The malfunction was blamed on the "complicated lunar surface environment". The problem emerged just before the rover was to enter its second dormancy at lunar night, Xinhua reported.
Chang'e-3 probe's lander, another part of the moon roving mission, "fell asleep" hours before Jade Rabbit malfunctioned.
The lander and the rover had been dormant for two weeks over the first lunar night of the mission, when the solar panels cannot recharge.
Jade Rabbit was separated from lander on 15 December, hours after the Chang'e-3 probe landed on the Moon's Sinus Iridum, or the Bay of Rainbows.
The rover is equipped with a panorama camera, a particle X-ray and infrared imaging device and radar through which it obtains scientific data.

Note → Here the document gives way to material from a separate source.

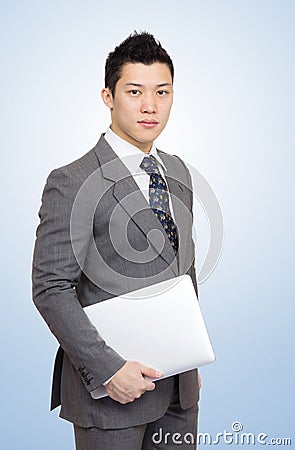 Businessman with notebook for presentation Stock Photo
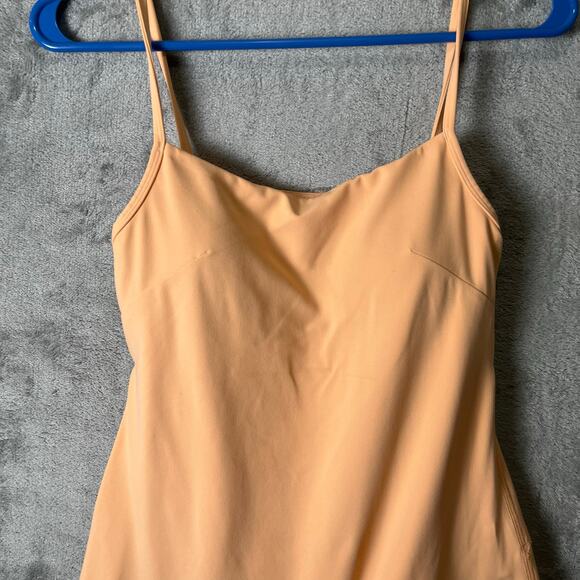 Lululemon Align Cami Strap Dress Peach Bellini Size 4 Bra Shelf Liner Shorts - Picture 2 of 5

As the first dormant stage passed, the lander's ultraviolet camera observed the plasmasphere over the Earth, according to China's State Administration of Science, Technology and Industry for National Defence.
The Chang'e-3 probe makes China the first country to successfully accomplish a soft landing on the lunar surface since the former Soviet Union's mission in 1976, and the third country to send a lunar rover to the moon after the US and the USSR.
The rover was to survey the moon's geological structure and look for natural resources for three months, while the lander was assigned to conduct in-situ exploration at the landing site for one year.
Both the rover and the lander have performed well until now, enduring temperatures that reached -180°C during the previous lunar night.